Under a safe harbor, a cash or deferred arrangement is deemed to satisfy the special nondiscrimination test if the plan satisfies one of two contribution requirements and satisfies a notice requirement. A plan satisfies the contribution requirement under the safe harbor rule for qualified cash or deferred arrangements if the employer either (1) satisfies a matching contribution requirement or (2) makes a nonelective contribution to a defined contribution plan of at least 3 percent of an employee's compensation on behalf of each nonhighly compensated employee who is eligible to participate in the arrangement without regard to the permitted disparity rules (sec. 401(1)). A plan satisfies the matching contribution requirement if, under the arrangement: (1) the employer makes a matching contribution on behalf of each nonhighly compensated employee that is equal to (a) 100 percent of the employee's elective deferrals up to 3 percent of compensation and (b) 50 percent of the employee's elective deferrals from 3 to 5 percent of compensation; and (2), the rate of match with respect to any elective contribution for highly compensated employees is not greater than the rate of match for nonhighly compensated employees. Certain alternative matching arrangements also can be used to satisfy the safe harbor.
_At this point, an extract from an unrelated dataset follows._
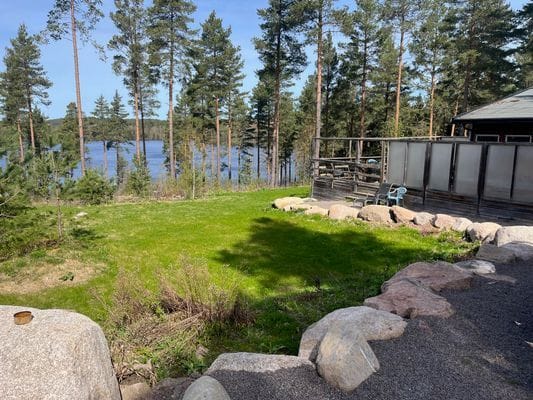 Stuga vid sjön Narven med vedeldat utomhusbad - Bild 3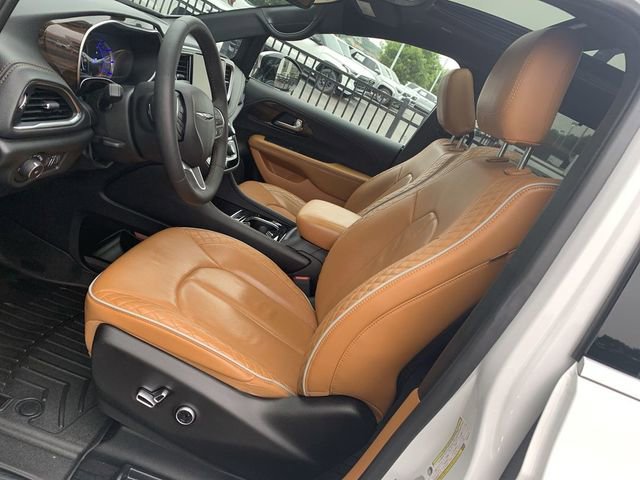 Used 2023 Chrysler Pacifica Pinnacle FWD image 18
2. SIMPLE retirement plans
Under present law, certain small businesses can establish a simplified retirement plan called the savings incentive match plan for employees ("SIMPLE") retirement plan. SIMPLE plans can be adopted by employers who employ 100 or fewer employees who received at least $5,000 in compensation during the preceding year and who do not maintain another employer-sponsored retirement plan. A SIMPLE plan can be either an IRA for each employee or part of a section 401(k) plan. If established in IRA form, a SIMPLE plan is not subject to the nondiscrimination rules generally applicable to qualified plans (including the top-heavy rules) and simplified reporting requirements apply. If established as part of a 401(k) plan, the SIMPLE does not have to satisfy the special nondiscrimination tests applicable to 401(k) plans and is not subject to the top-heavy rules. The other qualified plan rules continue to apply. Within limits, contributions to a SIMPLE plan are not taxable until withdrawn.
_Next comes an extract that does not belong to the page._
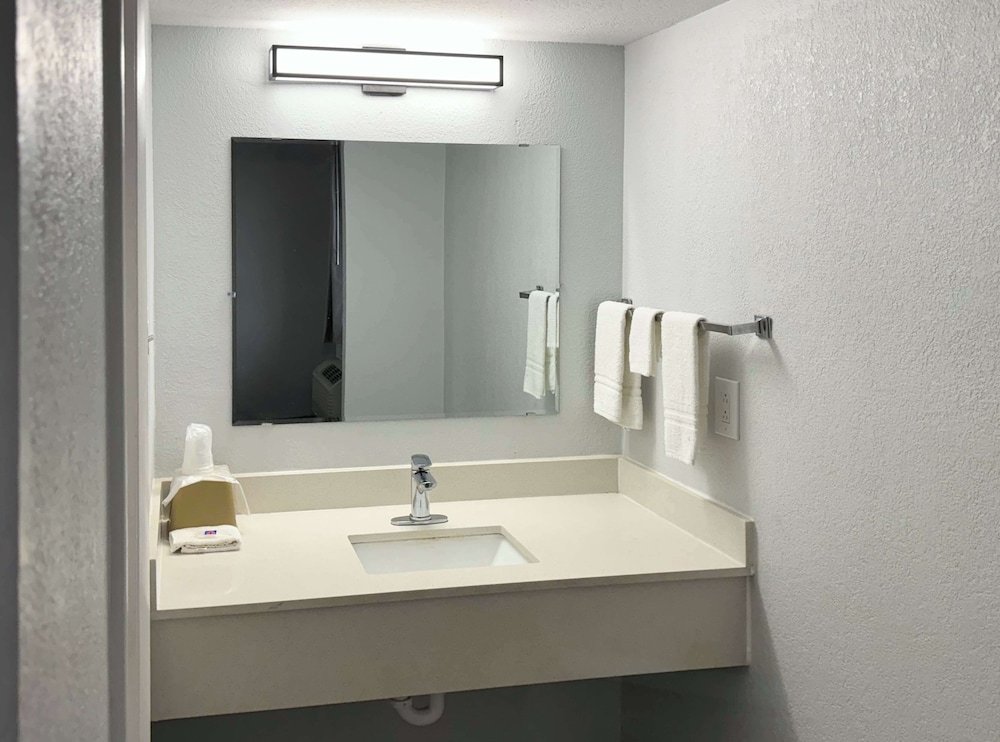 Motel6 Huntsville AL University Dr - photo 13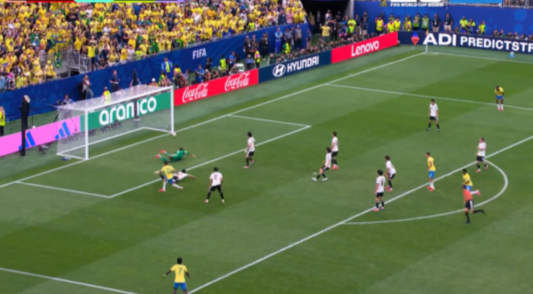 브라질의&nbsp;가브리엘 마르티넬리가 후분 추가시간에 극적인 결승골을 터트렸다./사진=FIFA 갈무리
A SIMPLE retirement plan allows employees to make elective contributions which cannot exceed $6,000 (for 1999). The $6,000 dollar limit is indexed for inflation in $500 increments. The employer is required to satisfy one of two contribution formulas. Under the matching contribution formula, the employer generally is required to match employee elective contributions on a dollar-for-dollar basis up to 3 percent of the employee's compensation. Under a special rule applicable to SIMPLE IRAs, the employer can elect a lower percentage matching contribution for all employees (but not less than 1 percent of each employee's compensation). In addition, a lower percentage cannot be elected for more than 2 out of any 5 years.
Alternatively, for any year, an employer is permitted to elect, in lieu of making matching contributions, to make a 2 percent of compensation nonelective contribution on behalf of each eligible employee with at least $5,000 in compensation for such year, whether or not the employee makes an elective contribution.
No contributions other than employee elective contributions, required employer matching contributions or employer nonelective contributions can be made to a SIMPLE plan. All contributions to an employee's SIMPLE account must be fully vested.
Contributions to a SIMPLE plan generally are deductible by the employer and excludable from the employee's income. Early withdrawals from a SIMPLE plan generally are subject to the 10-percent early withdrawal tax. However, in the case of a SIMPLE IRA, withdrawals of contributions during the 2-year period beginning on the date the employee first participated in the SIMPLE IRA are subject to a 25-percent early withdrawal tax.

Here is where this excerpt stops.